## Brief
Only the lines from the line containing "Regional winners announced" to the end of the records, both included, belong in the answer, copied exactly.

-- Supplied data follows --

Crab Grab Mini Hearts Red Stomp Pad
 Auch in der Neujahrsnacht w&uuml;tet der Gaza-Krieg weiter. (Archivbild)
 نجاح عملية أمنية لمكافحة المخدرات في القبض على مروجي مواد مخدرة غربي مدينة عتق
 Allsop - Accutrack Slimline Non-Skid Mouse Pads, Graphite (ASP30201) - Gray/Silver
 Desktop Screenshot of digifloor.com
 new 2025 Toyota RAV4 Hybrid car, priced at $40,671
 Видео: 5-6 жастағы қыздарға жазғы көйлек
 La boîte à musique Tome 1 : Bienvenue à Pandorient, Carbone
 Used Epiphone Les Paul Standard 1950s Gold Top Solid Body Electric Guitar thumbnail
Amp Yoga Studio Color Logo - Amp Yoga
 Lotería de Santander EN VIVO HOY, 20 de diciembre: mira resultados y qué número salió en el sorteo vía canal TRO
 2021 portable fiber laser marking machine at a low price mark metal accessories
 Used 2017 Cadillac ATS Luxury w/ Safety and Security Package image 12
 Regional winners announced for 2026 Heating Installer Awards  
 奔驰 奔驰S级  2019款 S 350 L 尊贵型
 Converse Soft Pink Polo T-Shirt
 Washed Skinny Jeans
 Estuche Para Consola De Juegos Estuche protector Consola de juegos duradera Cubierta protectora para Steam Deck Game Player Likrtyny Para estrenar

-- Supplied data concluded --

## Written solution
 Regional winners announced for 2026 Heating Installer Awards  
 奔驰 奔驰S级  2019款 S 350 L 尊贵型
 Converse Soft Pink Polo T-Shirt
 Washed Skinny Jeans
 Estuche Para Consola De Juegos Estuche protector Consola de juegos duradera Cubierta protectora para Steam Deck Game Player Likrtyny Para estrenar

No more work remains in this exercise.